Laurentiu asked whether the confusables.text file could be
simplified, since many of the lines are repeated, with only the
table types being different. Examples:
2028 ; 0020 ; SL #* ( → ) LINE SEPARATOR →
SPACE #
2028 ; 0020 ; SA #* ( → ) LINE SEPARATOR →
SPACE #
2028 ; 0020 ; ML #* ( → ) LINE SEPARATOR →
SPACE #
2028 ; 0020 ; MA #* ( → ) LINE SEPARATOR →
SPACE #
He had asked the quite reasonable question: "Is it the case that the
SL confusables form a proper subset of the SA confusables, and so on
compared to ML and then to MA confusables?
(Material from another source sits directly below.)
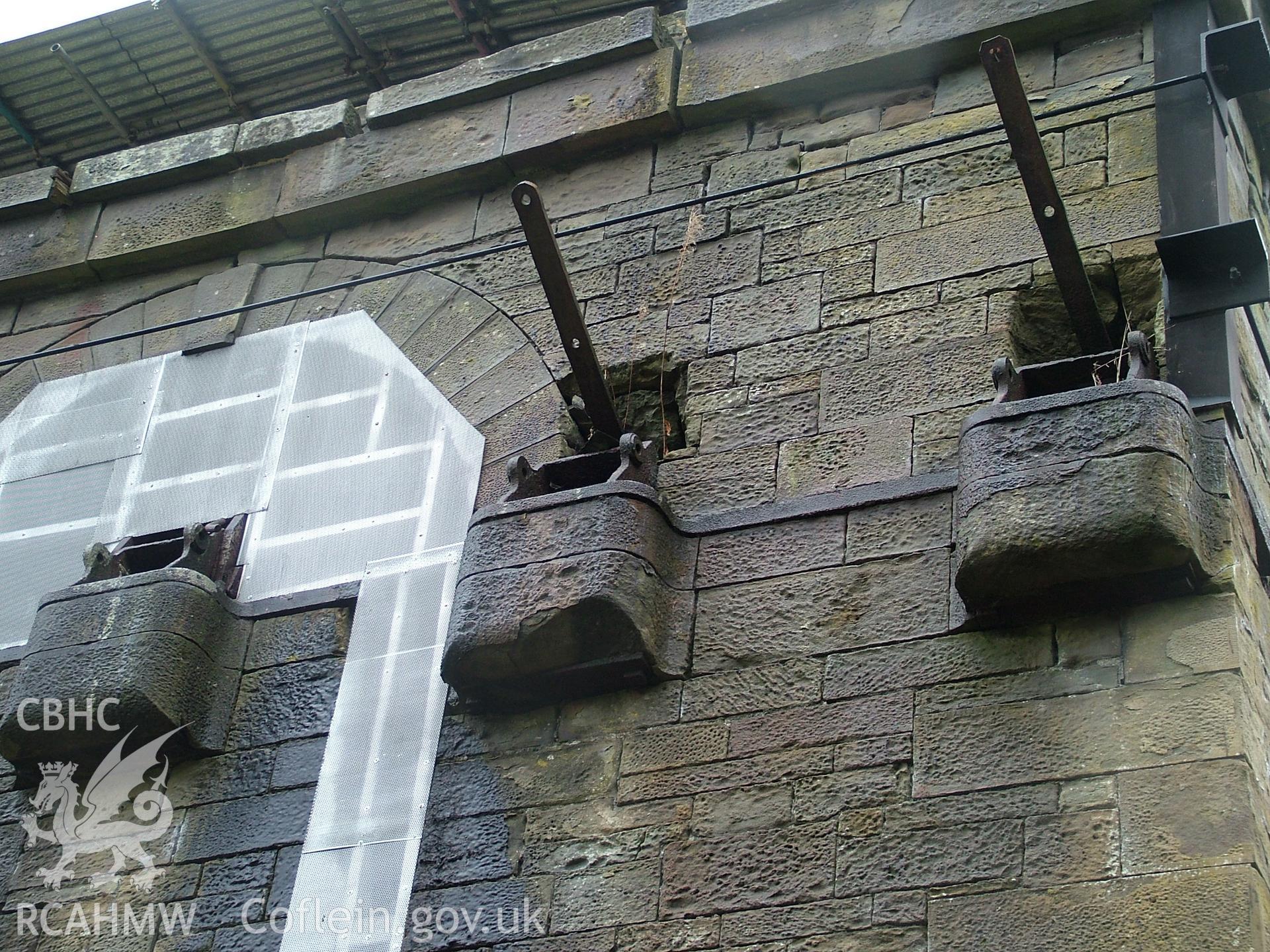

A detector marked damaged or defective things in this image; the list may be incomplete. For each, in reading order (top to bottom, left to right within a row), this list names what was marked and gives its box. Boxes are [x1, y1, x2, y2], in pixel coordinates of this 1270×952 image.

rusted metal tie rod [508, 180, 622, 442]
rusted metal tie rod [975, 34, 1107, 355]
rusted iron corbel [980, 33, 1112, 355]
If yes, the duplication
in confusables.txt would be reduced quite a bit if each set only
listed what that set contains in addition to the previous set, and
inherited everything else from the previous set."
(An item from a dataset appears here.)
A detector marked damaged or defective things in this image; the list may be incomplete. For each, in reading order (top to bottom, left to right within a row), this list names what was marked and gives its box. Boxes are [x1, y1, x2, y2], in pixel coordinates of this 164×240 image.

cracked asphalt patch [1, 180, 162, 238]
I did some analysis, and here's what I found:
As it turns out, they are not just supersets. With the version I
had, here are the stats.
4523 [MA, ML, SA, SL]
51 [ML, SA, SL]
511 [ML, SL]
122 [SA, SL]
724 [MA, SA]
351 [MA, ML]
330 [MA]
97 [ML]
45 [SA]
1 [SL]
However, we could make the file dramatically smaller if we
change the format to make the type field be a space delimited
list. So all of the above would be on one line:
2028 ; 0020 ; SL SA ML MA #* ( → ) LINE SEPARATOR → SPACE
#
The question to the committee is whether this is worth doing.